How to add hours to the day
My problem as a professor has been how to fit everything into the schedule that students really should learn given that universities are under pressure to require less and less. There isn’t an easy answer. Unlike back when I was attending graduate school, riding in on my pterodactyl, most students are now working full-time, which means they have fewer hours in the day to study and attend class. When I took the course I am teaching now, it was SIX hours a week, three of lecture and three of computer lab. Now I have three hours and that’s it, but – and you may have noticed this – computers are still used in statistical analysis.
My solution is to record how-to videos and upload these to the class website. This semester, I started using SAS Web Editor after the semester started so I have to make TWO sets of videos, one for SAS Enterprise Guide and one for the SAS Web Editor.
The SAS Web Editor runs SO much better, though, that I think I will only use it after this semester.
You can compare the two here:
SAS Enterprise Guide (this isn’t even On-Demand. The On-Demand movie was so slow I couldn’t stand it. This was done on a desktop).
This is the SAS Web Editor. It’s much faster and it runs on both Mac and Windows.
There are a lot of benefits of movies like these. They expand instructional time. Students can watch them at their own pace, stop and re-wind.

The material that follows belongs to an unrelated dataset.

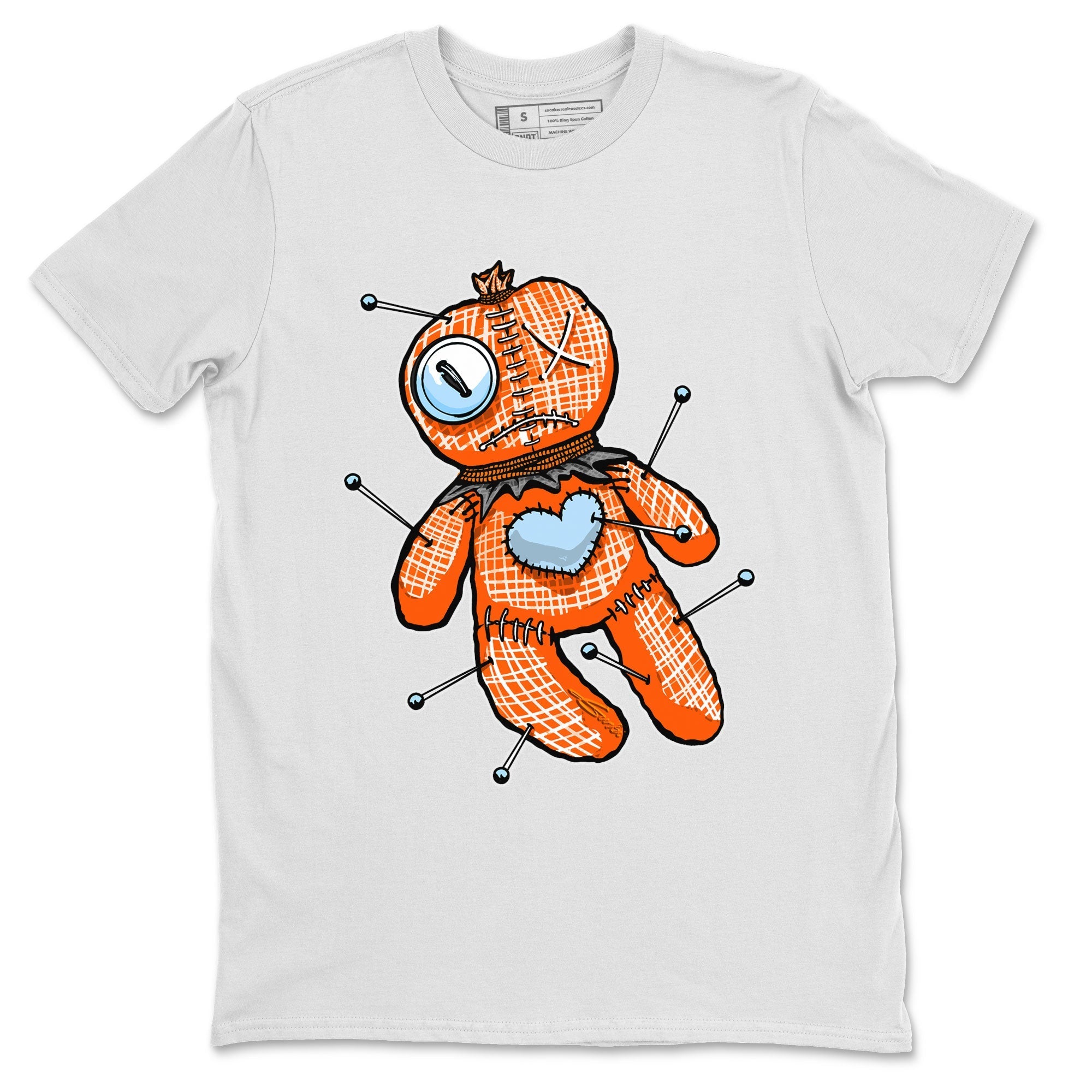 Linen Voodoo Doll Sneaker Tee - Crazy 8 Team Orange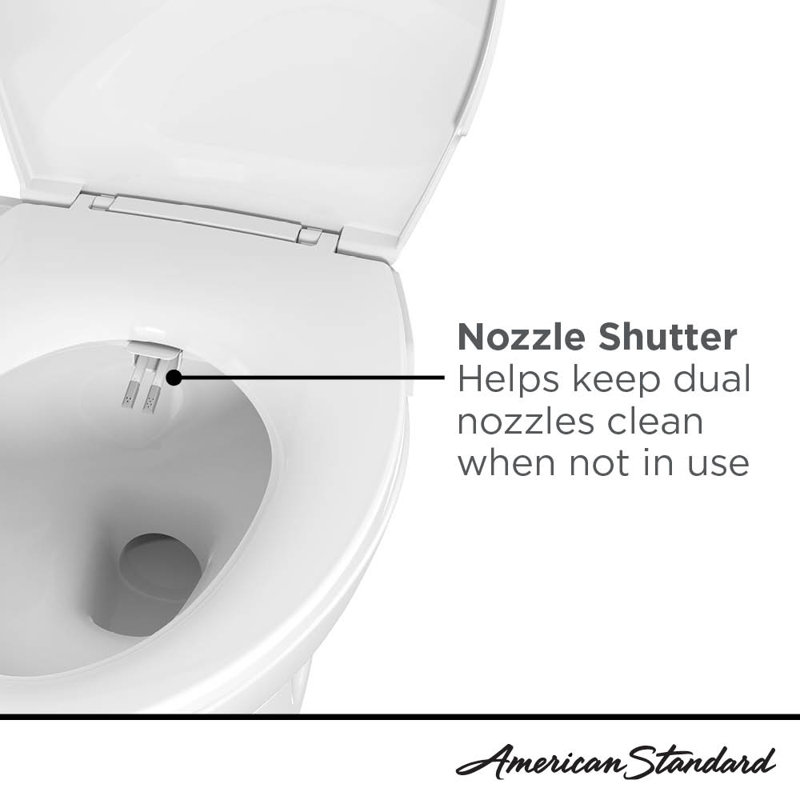 American Standard AquaWash Elongated Toilet Seat Bidet & Reviews Wayfair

The disadvantage, of course, is that while it adds hours of instructions the students receive it also adds hours to MY work day. That’s one of the reasons that I only teach one course a year. I don’t want to do it unless I have time to do it well. That’s also one of the reasons I quit being a professor full time. I never felt like I had the time to do as much as I should to teach really well, and I’ve never been able to accept doing “just okay”.